One thing you can do to ease symptoms is only buy beans and legumes which have been canned and then rinse them thoroughly before cooking them. Canning significantly reduces the levels of FODMAPs in foods and when you rinse off the liquid they’re stored in, you get rid of even more FODMAPs. How cool is that?

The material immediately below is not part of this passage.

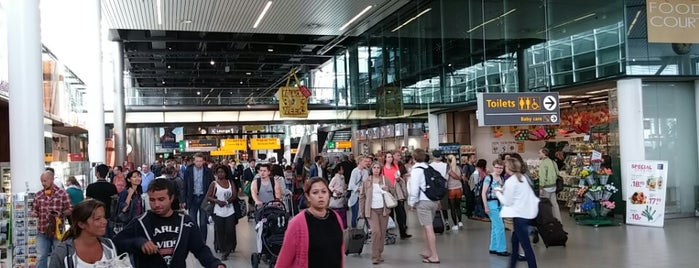 アムステルダム スキポール空港 (AMS) is one of Davidさんのお気に入りスポット.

- Butter beans, canned and rinsed (1/4 cup)
- Chana dhal (1/2 cup)
- Chickpeas, canned and rinsed (1/4 cup)
- Firm tofu (2/3 cup)
- Garbanzo beans, canned and rinsed (1/4 cup)
- Green lentils, voiled (1/4 cup)
- Lentils, canned and rinsed (1/2 cup)
- Lima beans (1/4 cup)
- Mung beans (1/4 cup)
- Quorn (1.6lb / 75g)
- Red lentils, boiled (1/4 cup)
- Tempeh (2.2lb / 100g)
- Urid dhal (1/2 cup)
- Unprocessed eggs (unlimited)
- Unprocessed fish (unlimited)
- Unprocessed meat (unlimited)
I’m not a superhero with unlimited resources and I didn’t put this amazing list of low FODMAP dairy, dairy alternatives and proteins together myself. I adapted it from DietVsDisease – a site which bases their list on the Monash University low FODMAP diet app. I’ve also got to tell you that I’m not any kind of dietitian, nutritionist, doctor or medical professional. I’m simply an IBS sufferer helping out other IBS sufferers with low FODMAP food lists.
Everyone is different and we react differently to different foods. So please, please don’t take what I say as gospel. My low FODMAP foods list is meant to be a helpful guide and nothing more. You know what’s best for you and if you’re sure you can’t handle certain foods, avoid them. Even if they’re on my low FODMAP foods list!